Segment Start: DATASET EXTRACT

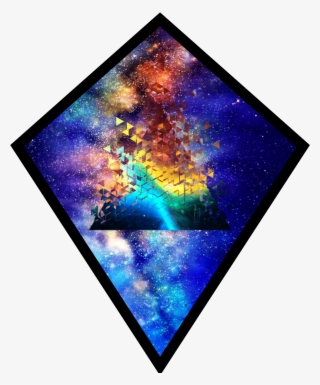 Glitch Tumblr Aesthetic Space Galaxy Aesthetic Galaxy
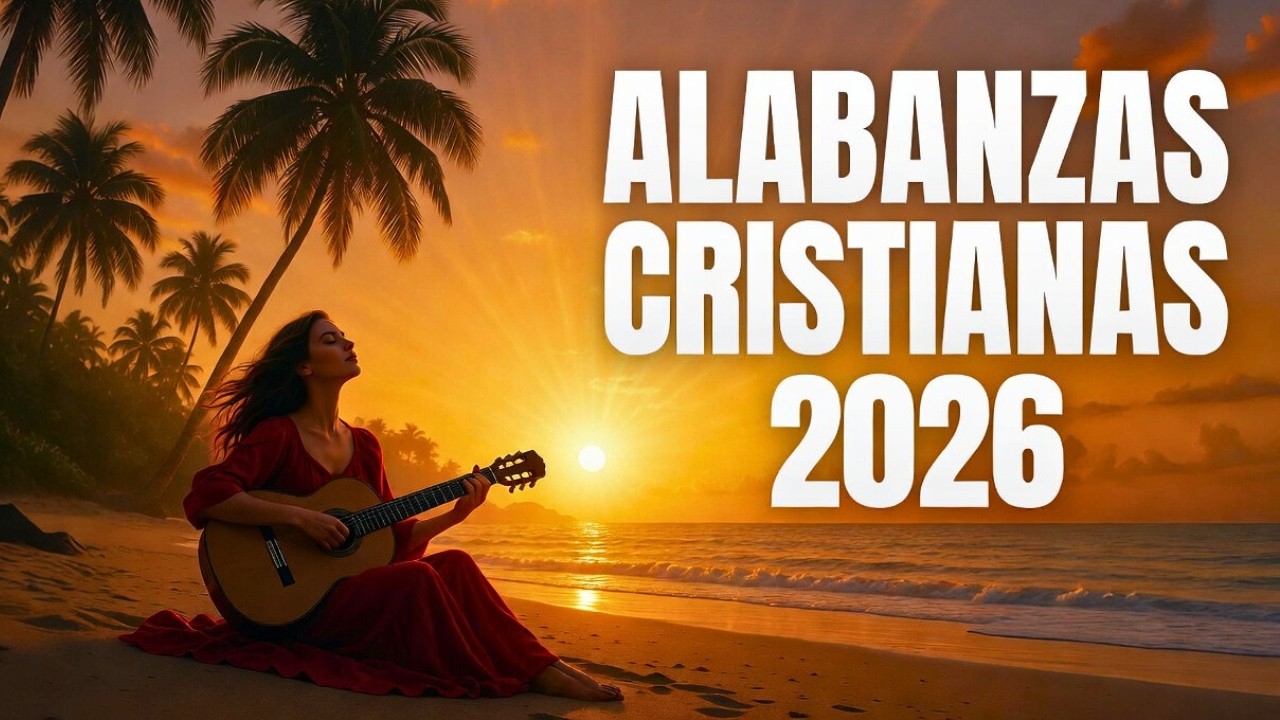Alabanzas Cristianas 2026 🙏 Coros de Adoración y Fuego Mix | Música Cristiana que Transforma Vidas ✨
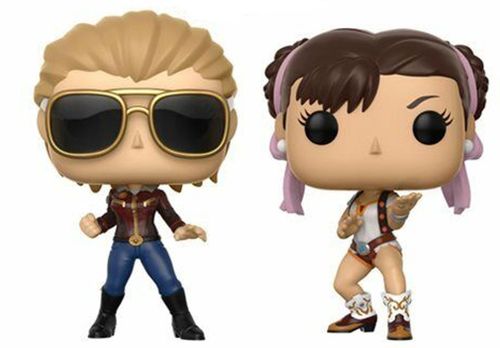 funko pop! marvel captain marvel vs chun-li 2pak na Arena.pl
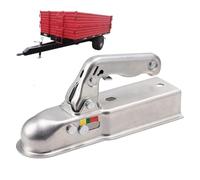 50mm Hitch Coupler Security Lock for Caravan Boat Trailer Tow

Segment End: DATASET EXTRACT

§ WHAT THE TASK REQUIRES
The answer should match the material exactly, with every picture removed.

§ TASK RESULT
 Glitch Tumblr Aesthetic Space Galaxy Aesthetic Galaxy
Alabanzas Cristianas 2026 🙏 Coros de Adoración y Fuego Mix | Música Cristiana que Transforma Vidas ✨
 funko pop! marvel captain marvel vs chun-li 2pak na Arena.pl
 50mm Hitch Coupler Security Lock for Caravan Boat Trailer Tow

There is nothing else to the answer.